In an electrodynamic loudspeaker, a diaphragm is the thin, semi-rigid membrane attached to the voice coil, which moves in a magnetic gap, vibrating the diaphragm, and producing sound. It can also be called a cone, though not all speaker diaphragms are cone-shaped. Diaphragms are also found in headphones.

Quality midrange and bass drivers are usually made from paper, paper composites and laminates, plastic materials such as polypropylene, or mineral/fiber-filled polypropylene. Such materials have very high strength/weight ratios (paper being even higher than metals) and tend to be relatively immune from flexing during large excursions. This allows the driver to react quickly during transitions in music (i.e. fast changing transient impulses) and minimizes acoustical output distortion.

If properly designed in terms of mass, stiffness, and damping, paper woofer/midrange cones can outperform many exotic drivers made from more expensive materials. Other materials used for diaphragms include polypropylene (PP), polyetheretherketone (PEEK) polycarbonate (PC), Mylar (PET), silk, glassfibre, carbon fibre, titanium, aluminium, aluminium-magnesium alloy, nickel, and beryllium. A 12 in paper woofer with a peak-to-peak excursion of 0.5 inches at 60 Hz undergoes a maximum acceleration of 92 g.

Paper-based cones account for approximately 85% of the cones sold worldwide. The ability of paper (cellulose) to be easily modified by chemical or mechanical means gives it a practical processing advantage not found in other common cone materials.

The purpose of the cone/surround assembly is to accurately reproduce the voice coil signal waveform. Inaccurate reproduction of the voice coil signal results in acoustical distortion. The ideal for a cone/surround assembly is an extended range of linearity or "pistonic" motion characterized by i) minimal acoustical breakup of the cone material, ii) minimal standing wave patterns in the cone, and iii) linearity of the surrounds force-deflection curve. The cone stiffness/damping plus the surround's linearity/damping play a crucial role in accuracy of the reproduced voice coil signal waveform. This is the crux of high-fidelity stereo.

The surround may be resin-treated cloth, resin-treated non-wovens, polymeric foams, or thermoplastic elastomers over-molded onto the cone body. An ideal surround has a linear force-deflection curve with sufficient damping to fully absorb vibrational transmissions from the cone/surround interface, and the "toughness" to withstand long-term vibration-induced fatigue. Sometimes the conical part and the outer surround are molded in one step and are one piece as commonly used for a Guitar speaker.

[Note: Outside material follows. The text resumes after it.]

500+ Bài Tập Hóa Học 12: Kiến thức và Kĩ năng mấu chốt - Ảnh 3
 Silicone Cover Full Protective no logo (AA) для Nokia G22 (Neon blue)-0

Other types of speakers (such as electrostatic loudspeakers) may use a thin membrane instead of a cone.

==Microphone==

Microphones can be thought of as speakers in reverse. The sound waves strike the thin diaphragm, causing it to vibrate. Microphone diaphragms, unlike speaker diaphragms, tend to be thin and flexible, since they need to absorb as much sound as possible. In a condenser microphone, the diaphragm is placed in front of a plate and is charged. In a dynamic microphone, the diaphragm is glued to a magnetic coil, similar to the one in a dynamic loudspeaker. (In fact, a dynamic speaker can be used as a rudimentary microphone, and vice versa.)

The diaphragm in a microphone works similarly to the human eardrum.

==Other uses==

In a phonograph reproducer, the diaphragm is a flat disk of typically mica or isinglass that converts the mechanical vibration imparted on the buttress from the recorded groove into sound. In the case of acoustic recording the reproducer converts the sound into the motion of the needle that scribes the groove on the recording media.